Obamacare’s Unconstitutional—-Let’s Implement! No Wait, We’re Not Implementing—-Yes We Are!

The Washington Post reports:

For 14 months, a bipartisan group of 17 states has been quietly collaborating with the Obama administration to help build a foundation for the health-care reform law’s success.

The group includes some of the law’s staunchest supporters working alongside a handful of its bigger detractors. They are backed by $3 million in funding from eight nonprofit organizations that hope to see the Affordable Care Act succeed.

Together, they have come up with a tool to help consumers navigate the health insurance exchanges—the marketplaces that each state is required to have by 2014.

In other words, at the same time Alabama, Arizona, Colorado, and Kansas are suing to overturn Obamacare as unconstitutional, officials in those states are helping to implement the same unconstitutional law.

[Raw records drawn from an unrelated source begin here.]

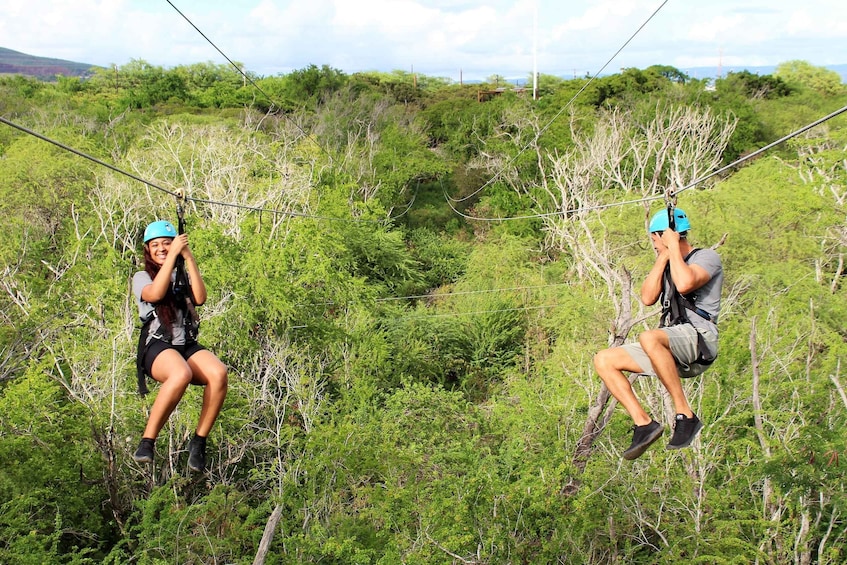 Picture 2 for Activity Oahu: 3 Ziplines and Coral Crater Tour with Transfer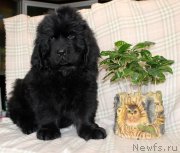 Превью фото № 222948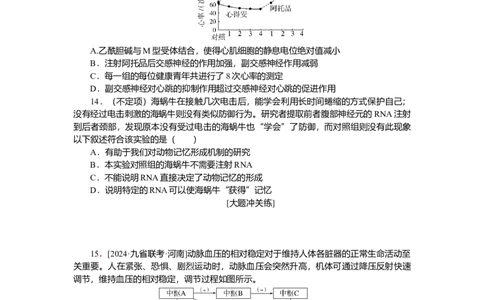 2025届高中生物学一轮复习检测案28　神经调节（含解析）_2025年新高考资料_一轮复习_2025届高中生物学一轮复习分层复习检测(含解析)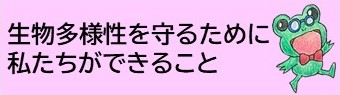 生物多様性を守るために私たちができること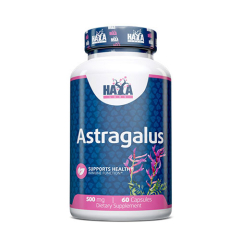 Astragalus 500 mg 60 Kapseln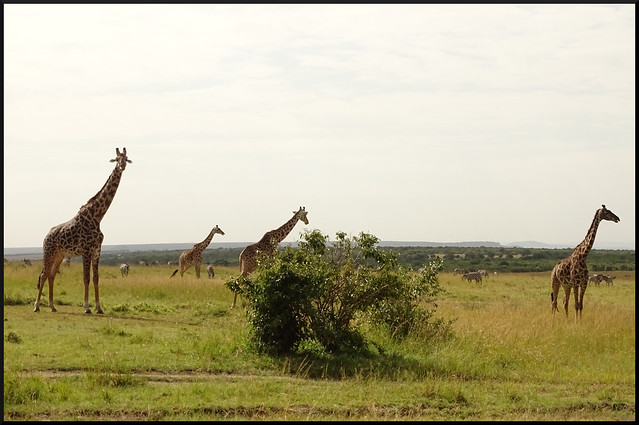 Safari por Kenia en fotos - Blogs de Kenia - La gran reserva de Masai Mara (119)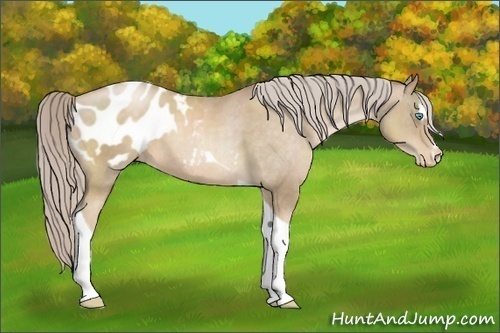 Horse Color:Chocolate Palomino Pearl Sabino Tobiano Blanket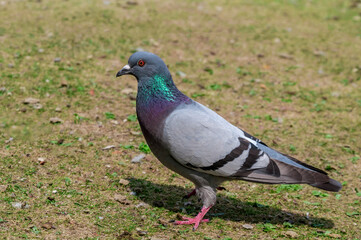 Rock Dove (Columba livia) in park, Moscow, Russia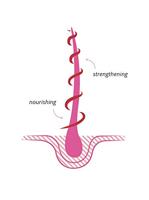 Khadi Ayurvedic hair oil rose repair 50 Milliliter - thumbnail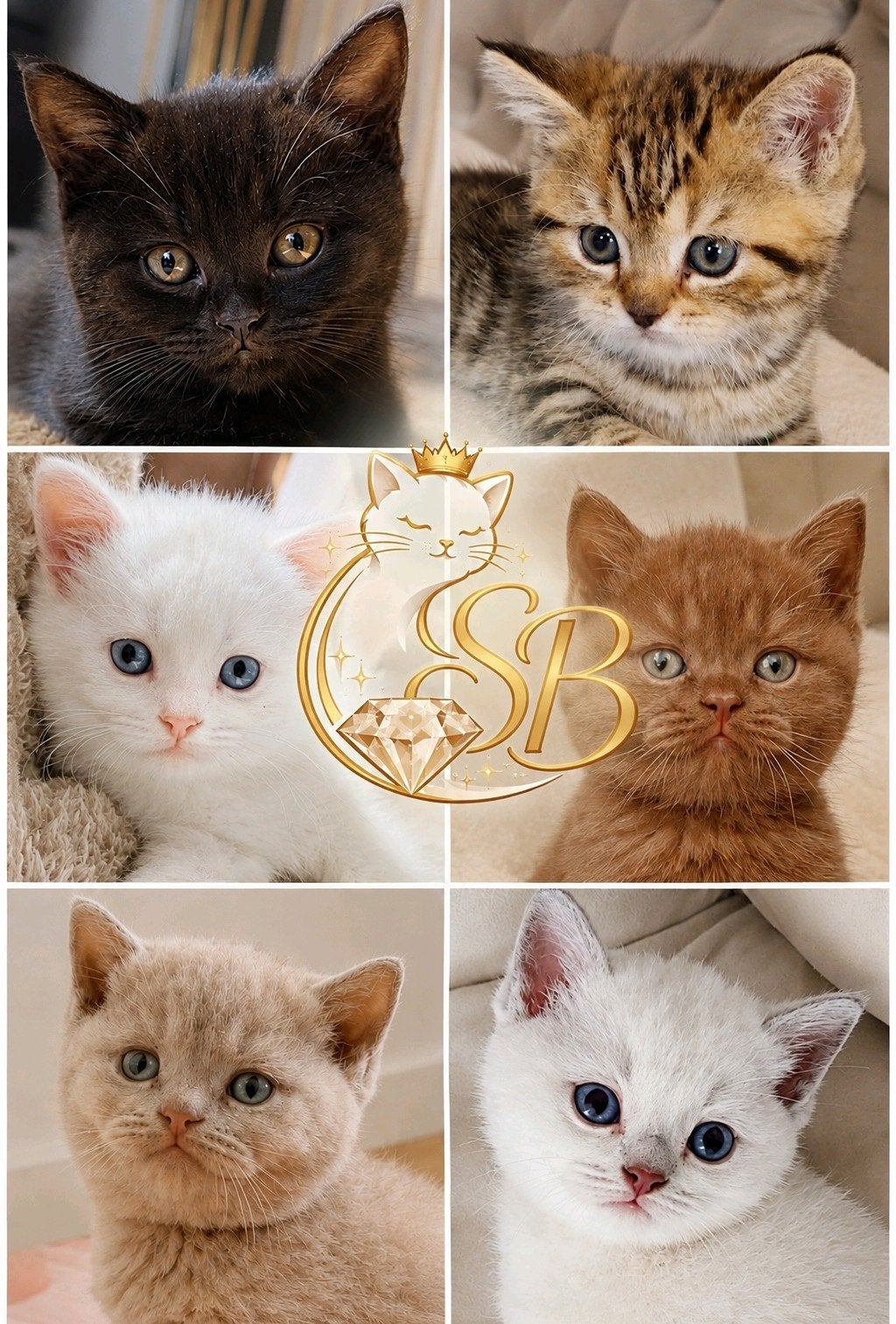 **Nu beschikbaar** SB Kittens.💎, Meerdere dieren, Ingeënt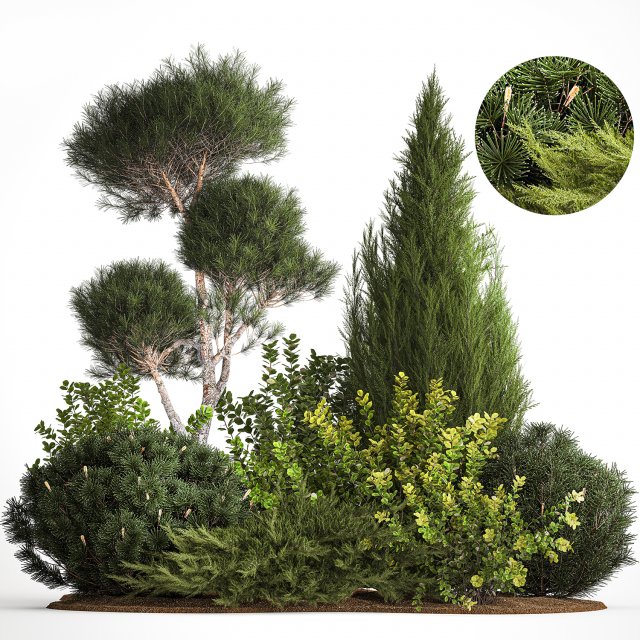 Juniper pine garden thuja and barberry bush 1179 Modèle 3D .c4d .max .obj .3ds .fbx .stl .blend 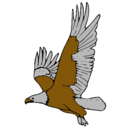 Dibujo Águila volando pintado por cody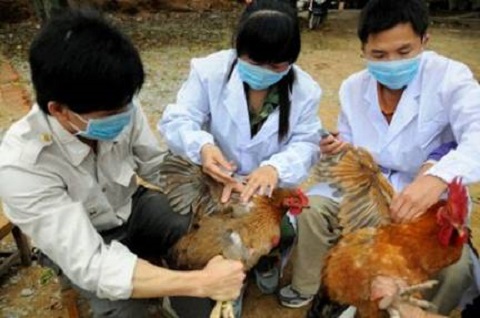 Dịch cúm có nguy cơ xâm nhập Việt Nam cao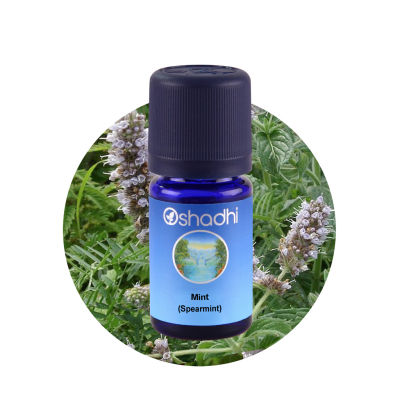 Oshadhi Mint (Spearmint) Essential Oil น้ำมันหอมระเหย (10 ml)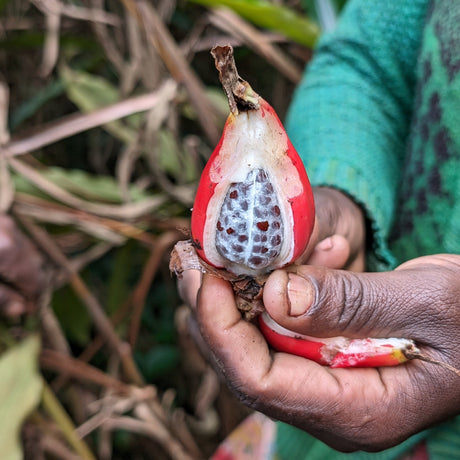 ayelech holding fresh grains of paradise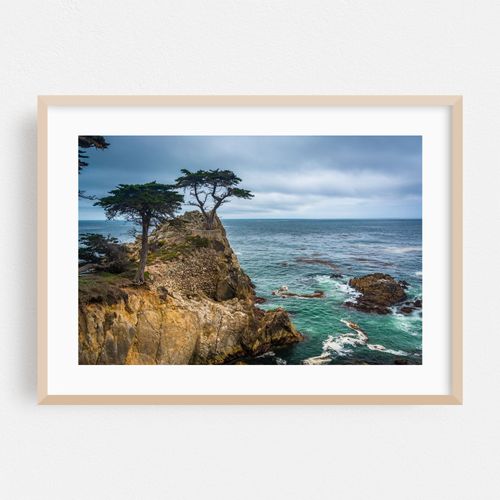 The Lone Cypress 02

The Post reports, without rebuttal, several myths about the states’ role under Obamacare. It refers three times to the “tight deadlines” states face under the law. (There are no deadlines. HHS has said that if states decline to create exchanges, they can change their minds later.) It claims, “If a state does not have a framework in place by 2013, the Department of Health and Human Services will come in and do the job itself.” (That’s highly questionable. Obamacare appropriates zero funds for federal exchanges and HHS has admitted it doesn’t have the money.) It quotes Kansas insurance regulator Linda Shepphard as saying, “There is no work being done to build an exchange in Kansas at this point.” (Well, which is it? Is Kansas doing “no work,” or is it “collaborating with the Obama administration”?) I’d say certain state officials got some ‘splaining to do.

In the video below the jump, I explain to state officials why flatly refusing to create an Obamacare exchange is the best thing they can do for their states.

Why ObamaCare Won’t Help the Sick

The Financial Times published my letter to the editor [$]:

Sir, “Imminent ‘ObamaCare’ ruling poses challenge for Republicans” [$] (May 25) doesn’t quite capture my views when it reports that I believe “resurrecting protections for patients with pre-existing conditions would be wrong.” ObamaCare is wrong precisely because those provisions will not protect patients with pre-existing conditions.

Those “protections” are nothing more than government price controls that force carriers to sell insurance to the sick at a premium far below the cost of the claims they incur. As a result, whichever carrier attracts the most sick patients goes out of business. The ensuing race to the bottom will even harm sick Americans who currently have secure coverage.

The debate over ObamaCare is not between people who care and people who don’t care. It is between people who know how to help the sick, and those who don’t.